Logistic regression in sklearn & Gradient Descent

sklearn’s Logistic Regression implementation does not use Gradient Descent by default. Instead, it uses more sophisticated optimization techniques depending on the solver specified. These solvers are more efficient and robust for finding the optimal parameters for logistic regression.

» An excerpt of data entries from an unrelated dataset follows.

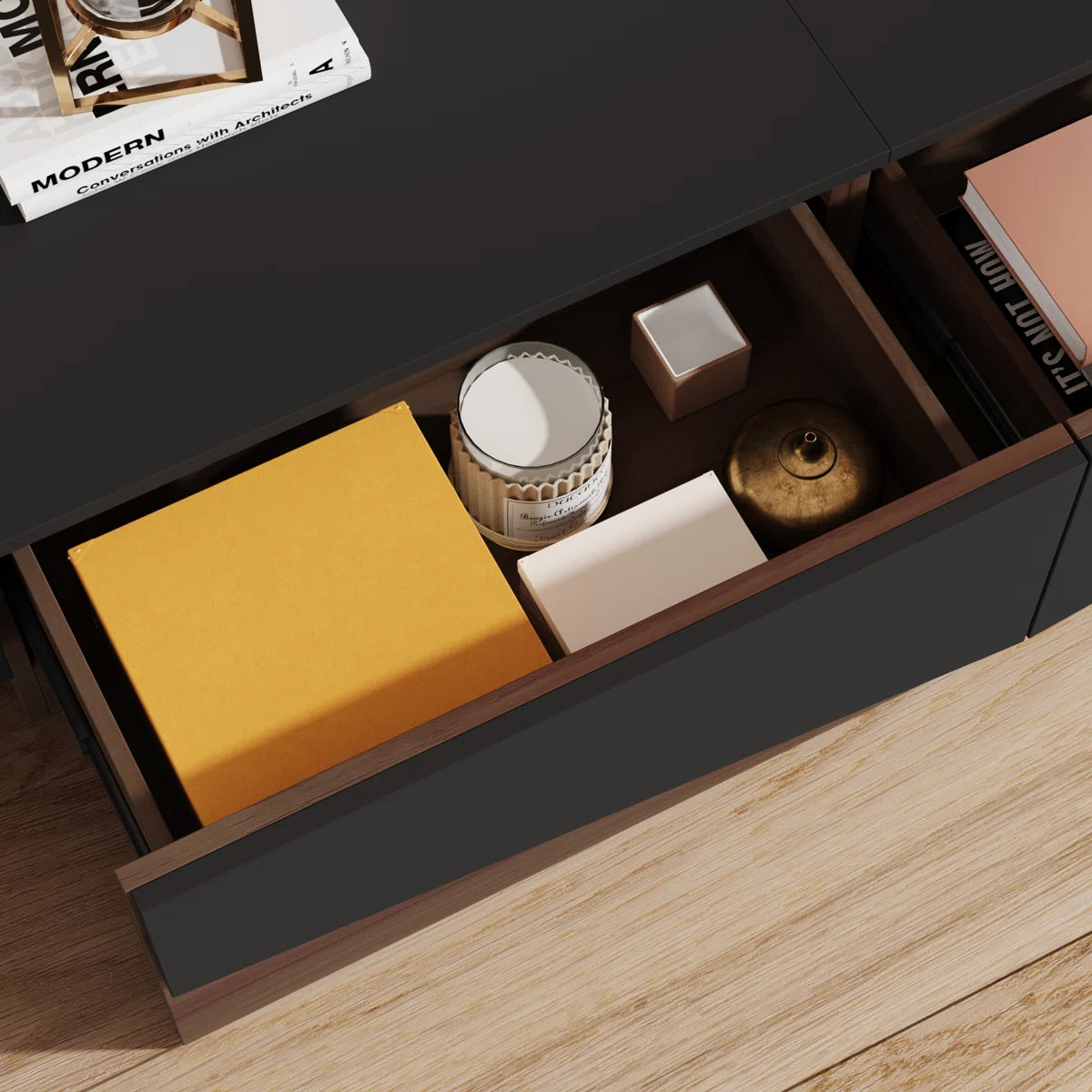 Bradden Storage Tv Unit In Wood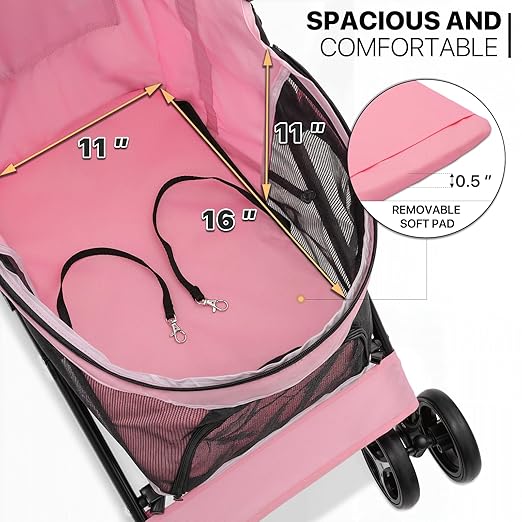 MoNiBloom 4-Wheel Pet Jogger Stroller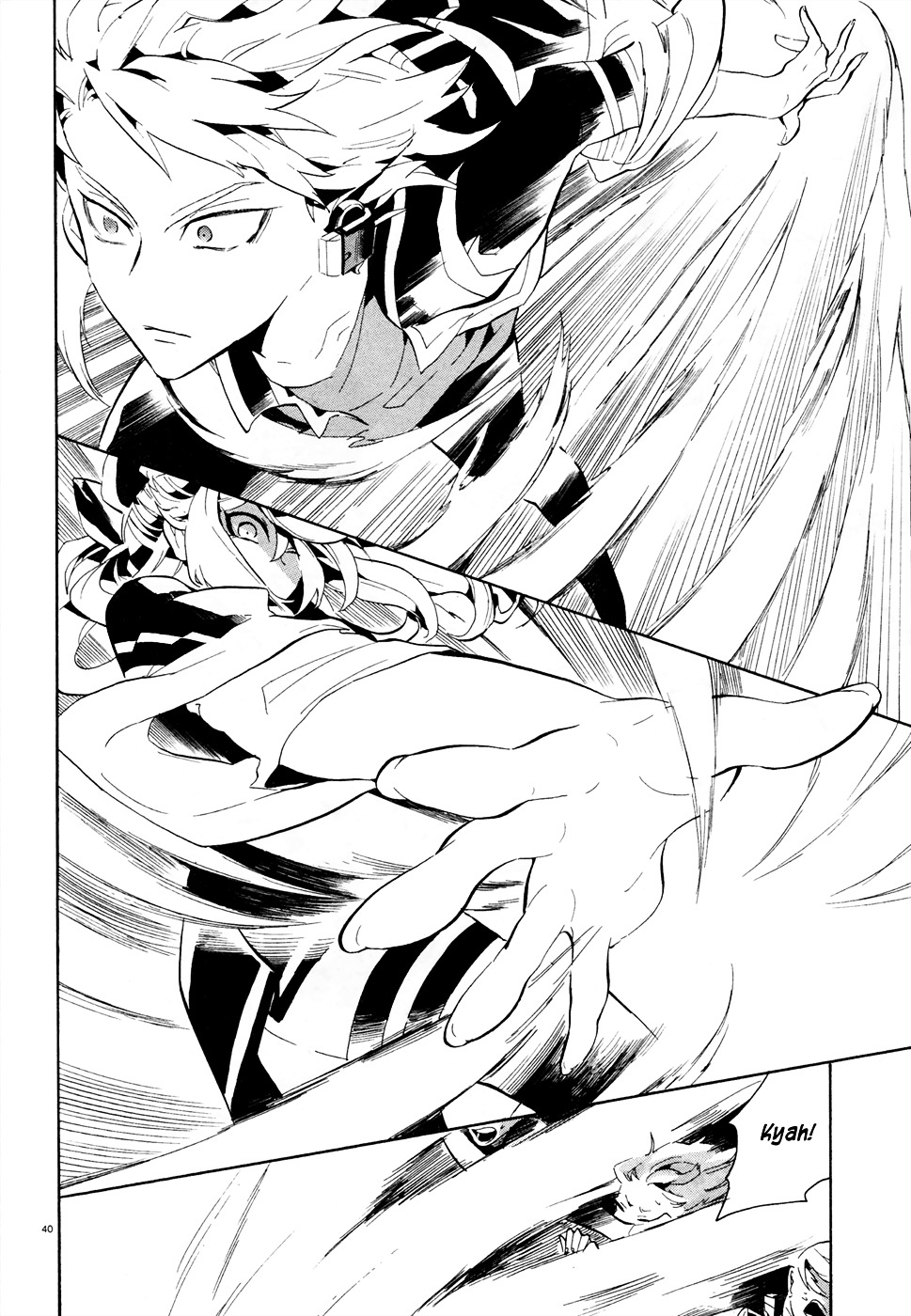 Mokushiroku Alice Chapter 1 page 39 - Chapter 1 : The Transfer Student with a Bad Personality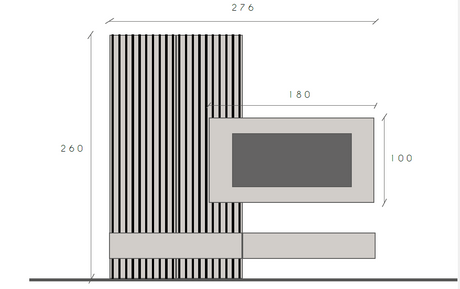 Combo Media Wall Entertainment Unit - Slate Grey, Light Chalk Grey & Mercure Oak COM- 900222-ADGEMR - FurniComp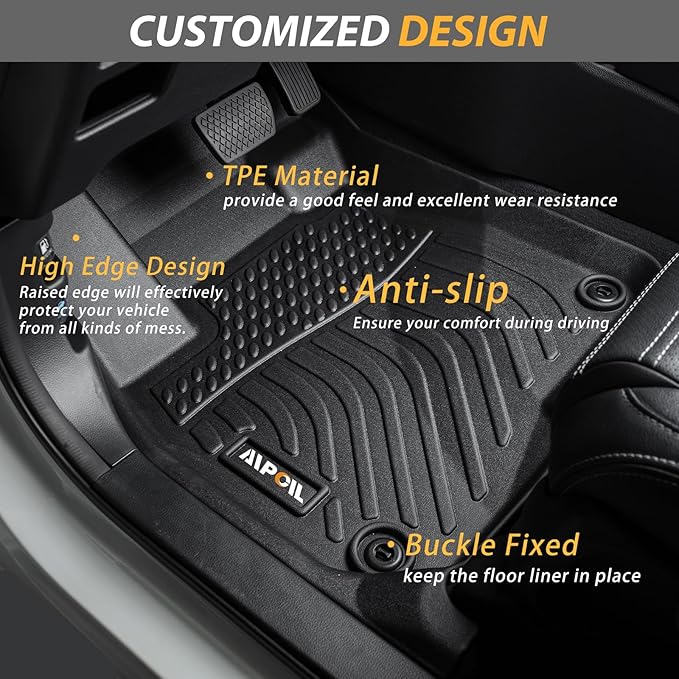 AIPOIL® Floor Mats for 2011-2014 Ford Explorer 7 Seats | All-Weather | Easy to - Image 2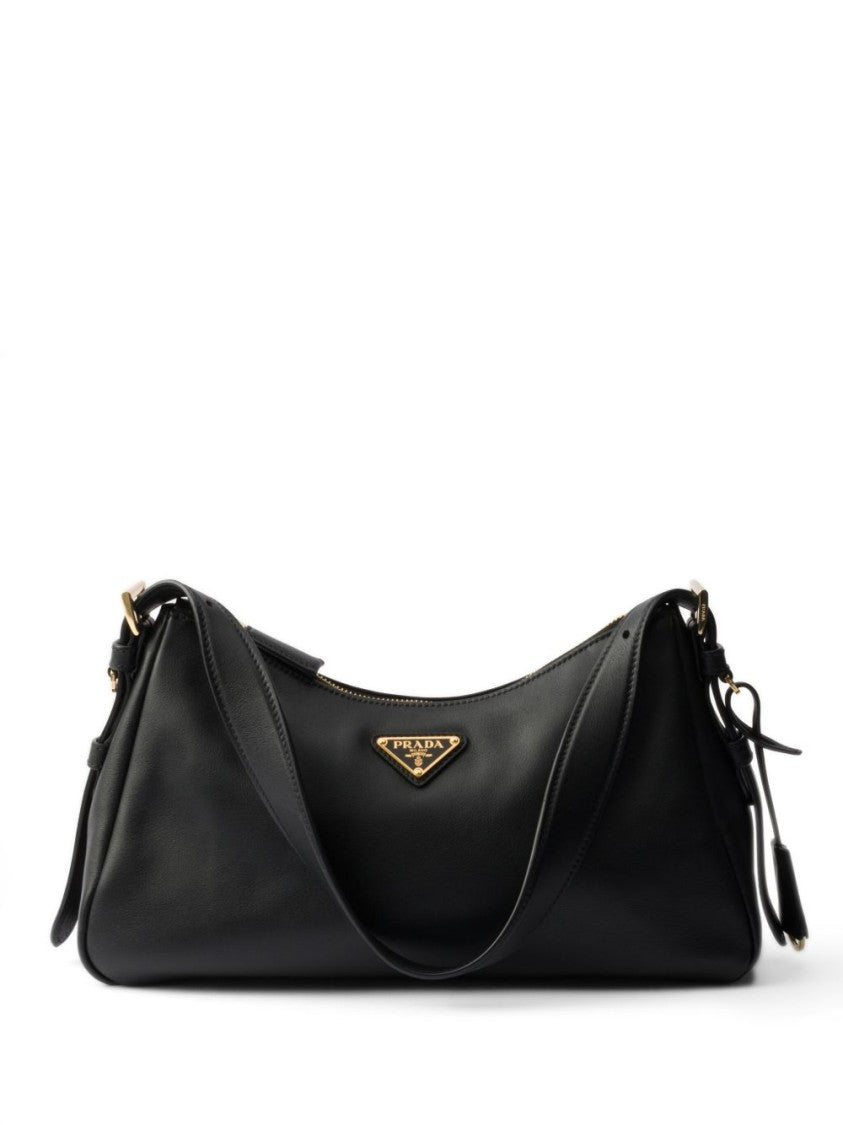 Prada Aimée Medium Leather Shoulder Bag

Here’s a summary:

Optimisation function: Solvers in sklearn’s Logistic Regression**

  1. lbfgs (default in many cases):
    • Stands for Limited-memory Broyden–Fletcher–Goldfarb–Shanno.
    • It’s a quasi-Newton method, which approximates the second derivatives (Hessian matrix) to find the minimum of the cost function efficiently.
  2. liblinear:
    • Uses the coordinate descent method for optimization.
    • Ideal for small datasets or when penalty='l1' is used.
  3. sag (Stochastic Average Gradient):
    • An iterative solver similar to stochastic gradient descent (SGD) but averages gradients over all samples.
    • Efficient for large datasets.
  4. saga:
    • An improved version of sag, supporting both l1 and l2 penalties.
    • Suitable for sparse and large datasets.
  5. newton-cg:
    • Uses the Newton method with conjugate gradients.
    • Efficient for datasets with many features.